• **Exercise requirements**
Output only the lines of the entries that follow, starting at the one with "Miami Beach, Florida, Ocean" and running down to the one with "Bavaria C42 — photo 46", both included and unchanged.

• **Records to process**
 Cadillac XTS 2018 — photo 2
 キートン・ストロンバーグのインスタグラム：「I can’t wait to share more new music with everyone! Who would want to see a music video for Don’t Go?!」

--

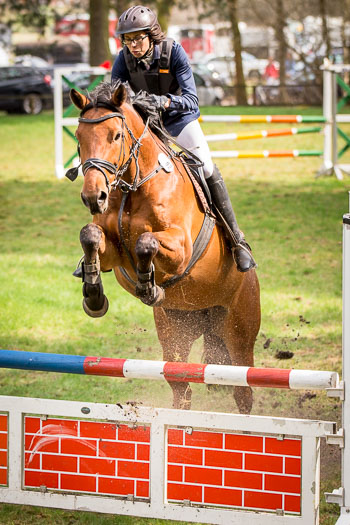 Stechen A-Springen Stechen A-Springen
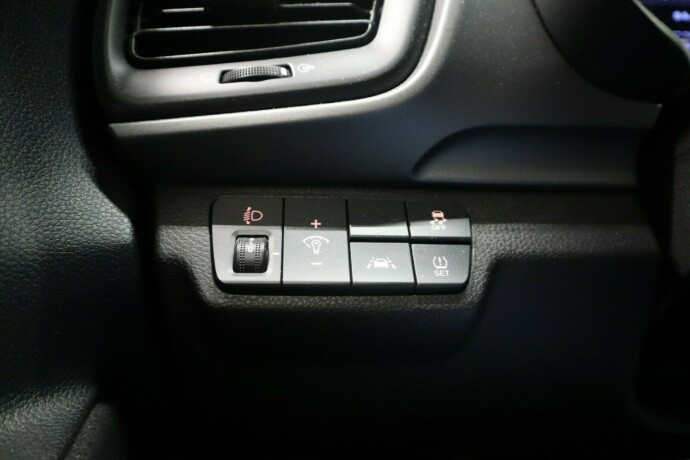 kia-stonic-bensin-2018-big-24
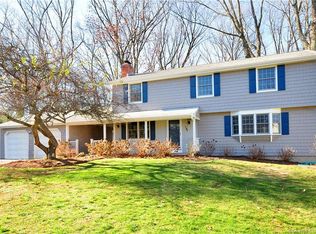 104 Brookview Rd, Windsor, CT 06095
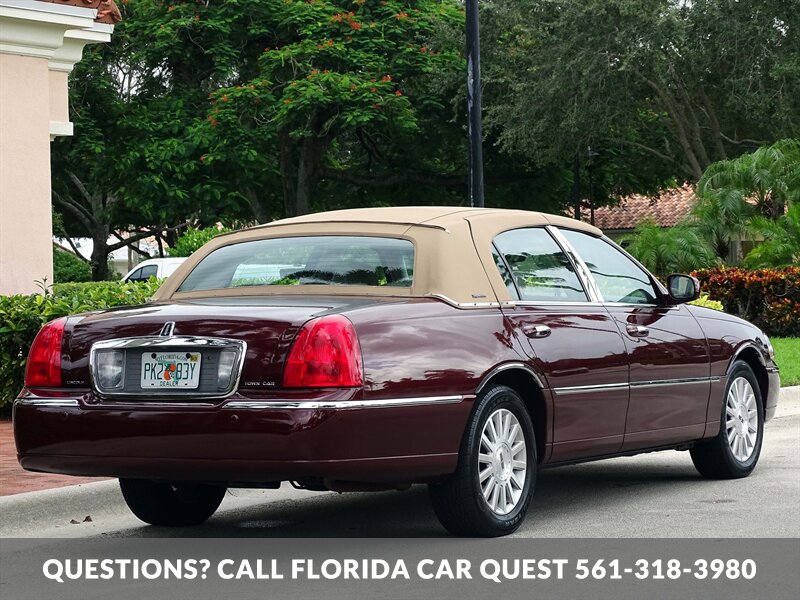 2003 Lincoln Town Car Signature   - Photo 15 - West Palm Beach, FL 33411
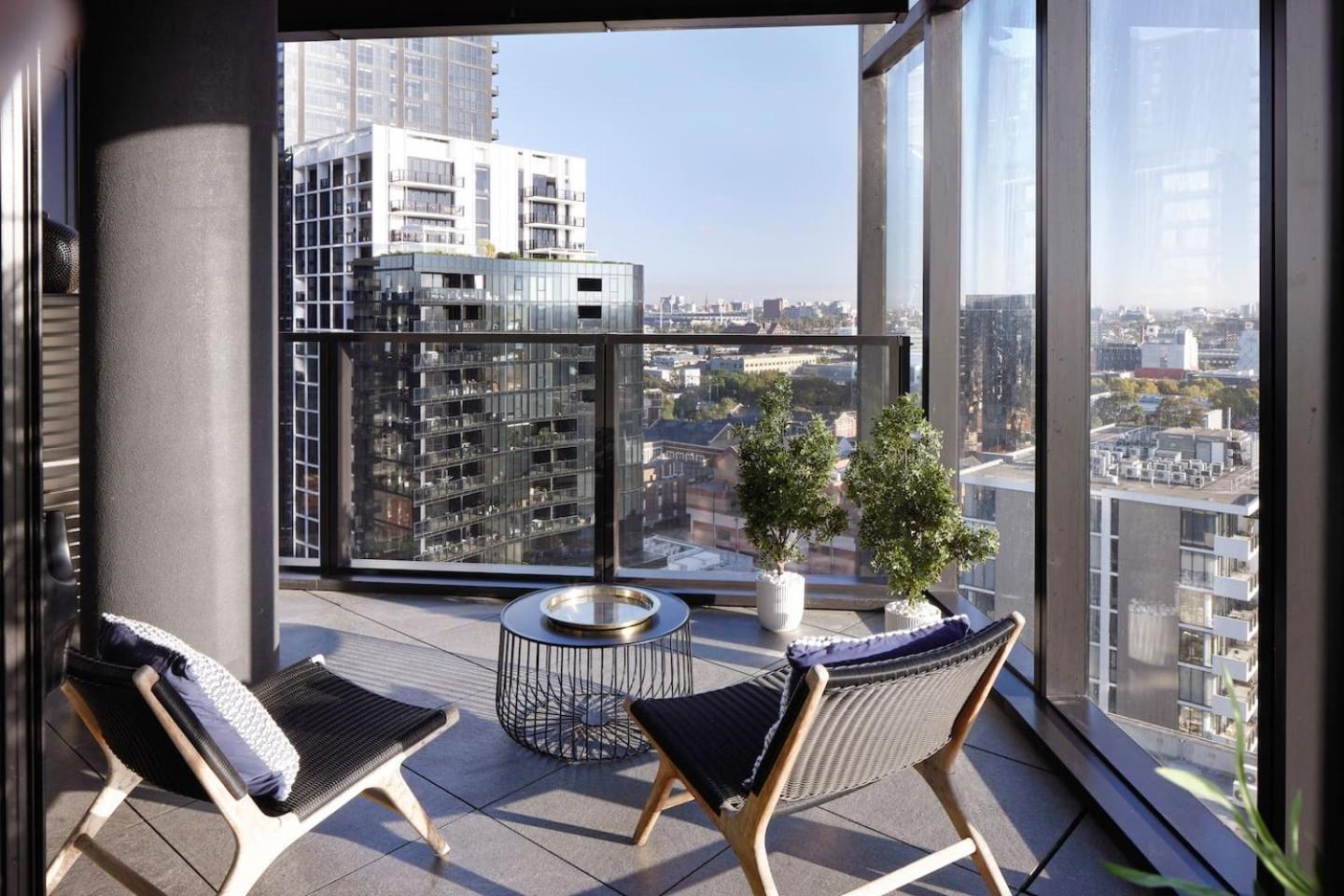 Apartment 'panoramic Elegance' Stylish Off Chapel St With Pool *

---

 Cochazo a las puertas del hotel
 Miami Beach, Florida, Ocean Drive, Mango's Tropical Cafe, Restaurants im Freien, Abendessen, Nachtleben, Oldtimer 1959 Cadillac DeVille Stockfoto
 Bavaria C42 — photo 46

• **Solution to the exercise**
 Miami Beach, Florida, Ocean Drive, Mango's Tropical Cafe, Restaurants im Freien, Abendessen, Nachtleben, Oldtimer 1959 Cadillac DeVille Stockfoto
 Bavaria C42 — photo 46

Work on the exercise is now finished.